■ WORK ITEM
Would you write out the lines below exactly, from the one containing "Listing Image 22" to the very last, but without the pictures?

■ DATA UNDER STUDY
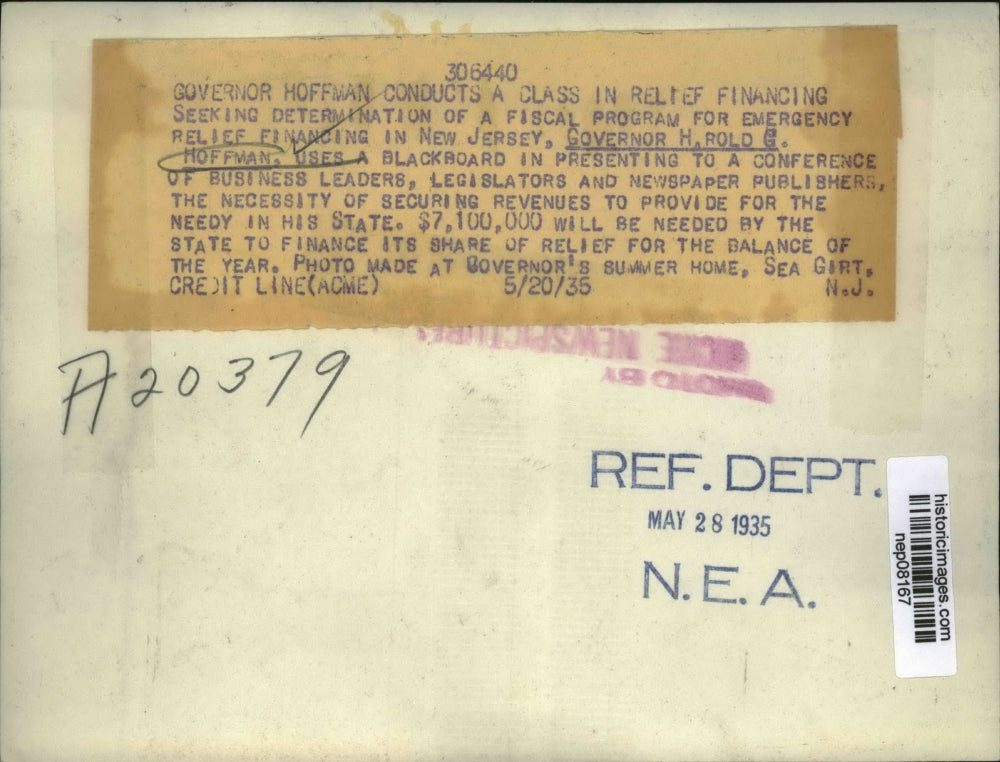 1935 Press Photo Gov Hoffman Illustrates Need for Aiding Needy in His State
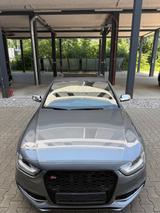 Audi S4 3.0 TFSI S tronic quattro - - Audi S4 mit Benzin-Antrieb: Limousine
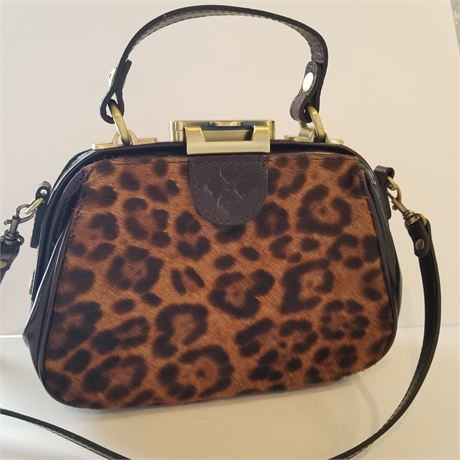 Like NEW Patricia Nash Leather Handbag - 9x7- Compare Retail @ $179.00
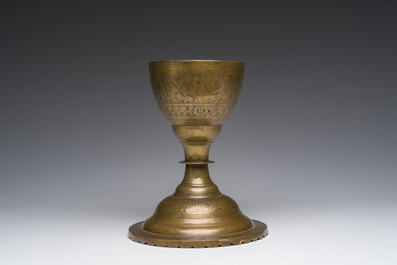 Calice en bronze &agrave; d&eacute;cor grav&eacute;, Espagne, 17&egrave;me si&egrave;cle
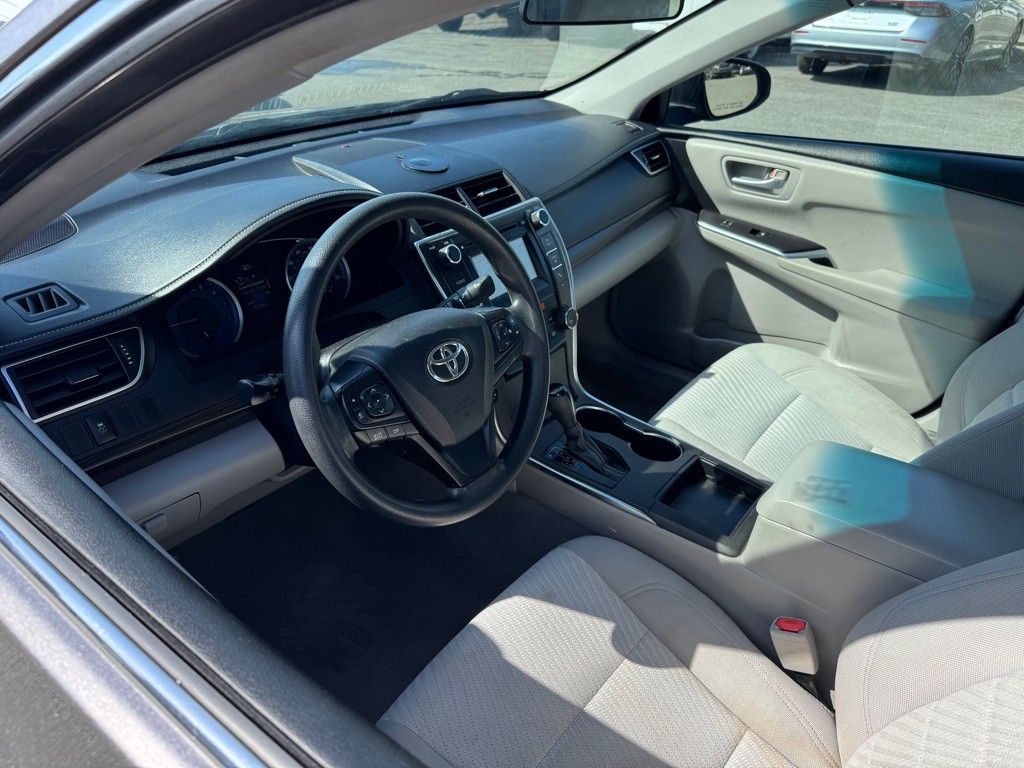 2016 Toyota Camry Image 15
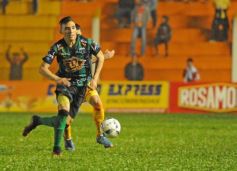 Foto de la galería: Crucero arrancó el torneo con garra y corazón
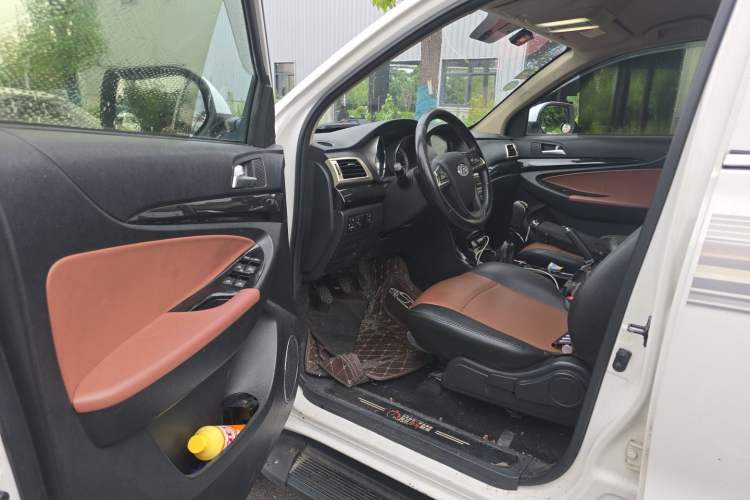 Used Foday Landfort 2015 2.4L Gasoline Two-Wheel Drive Standard Edition 7-Seater Driver Seat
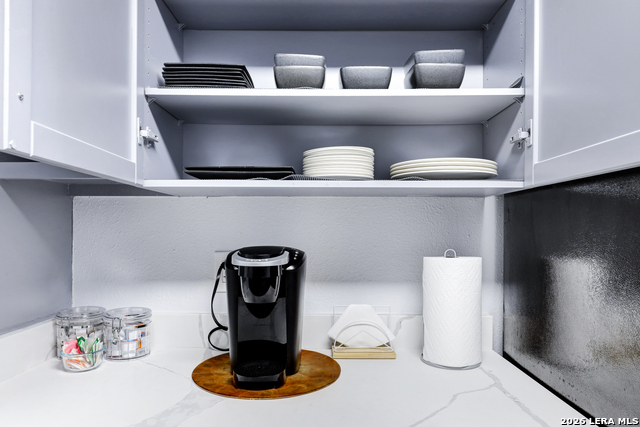 Image 25 of 48 For 425 Parland  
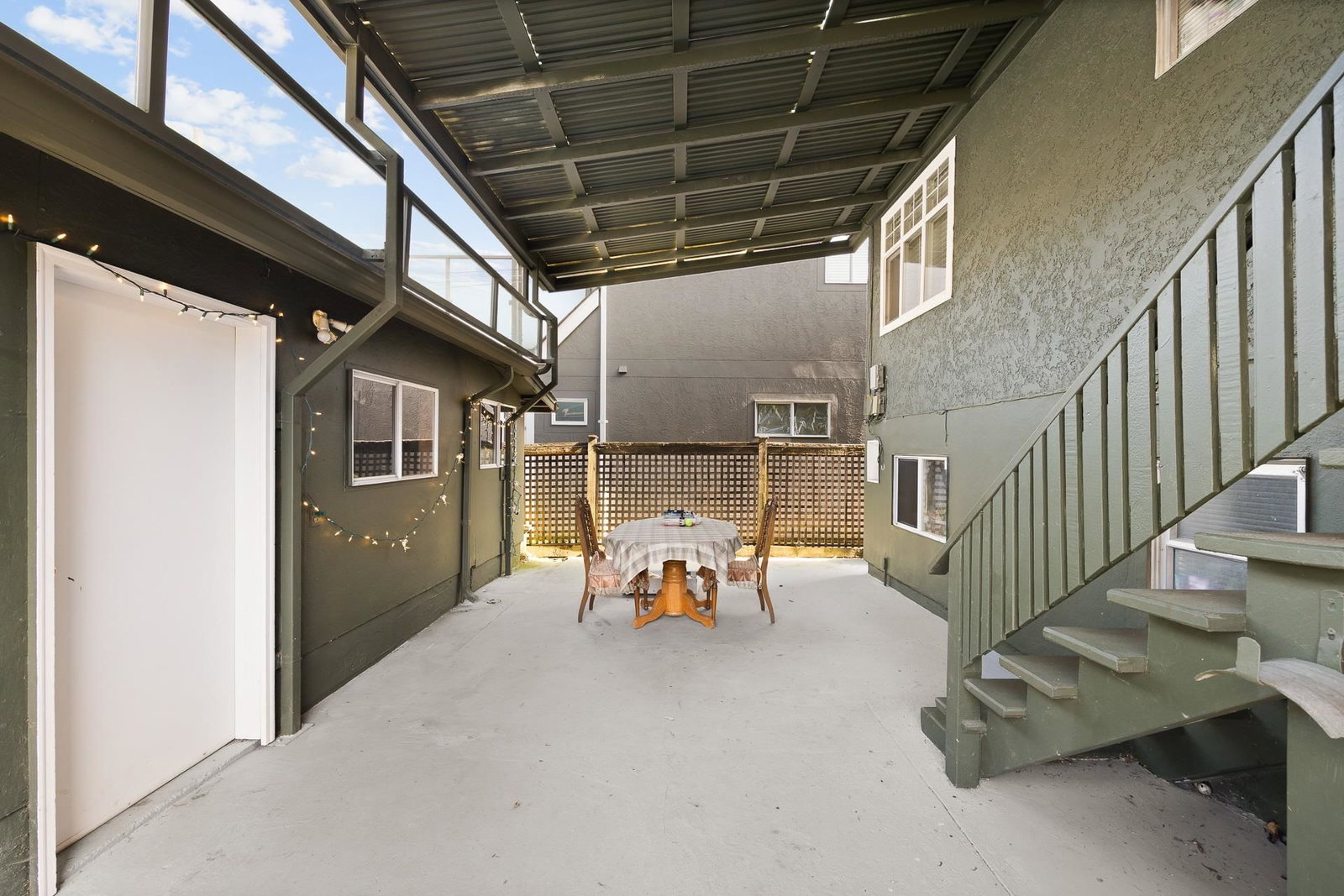 Listing Image 22
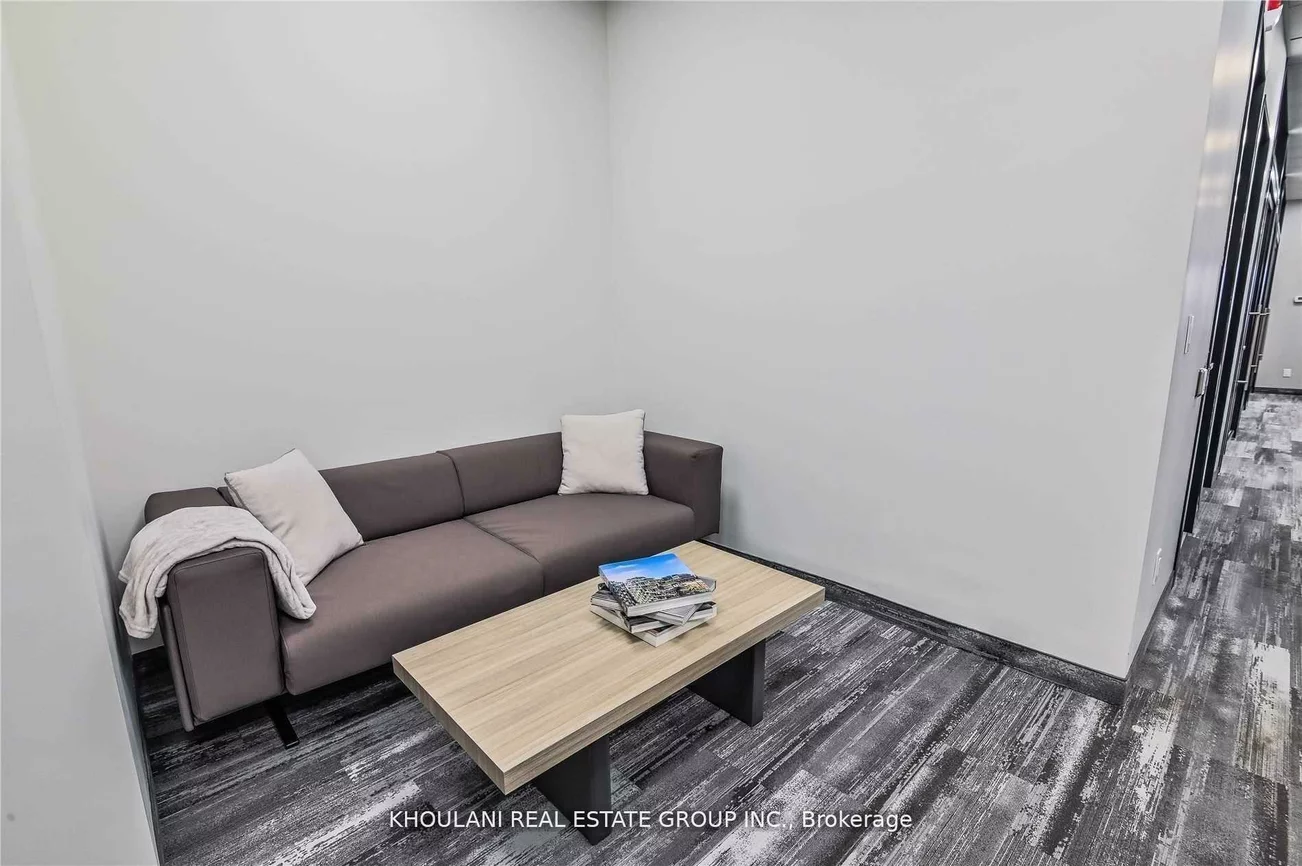 325, Central, Fairview, Mississauga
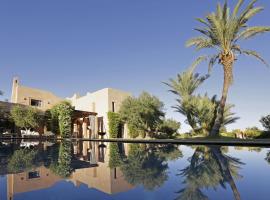 Dar Tifiss - Luxurious family house with heated pool and hammam – hotel dla rodzin w mieście Douar Caïd Layadi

■ OUTPUT BELOW
 Listing Image 22
 325, Central, Fairview, Mississauga
 Dar Tifiss - Luxurious family house with heated pool and hammam – hotel dla rodzin w mieście Douar Caïd Layadi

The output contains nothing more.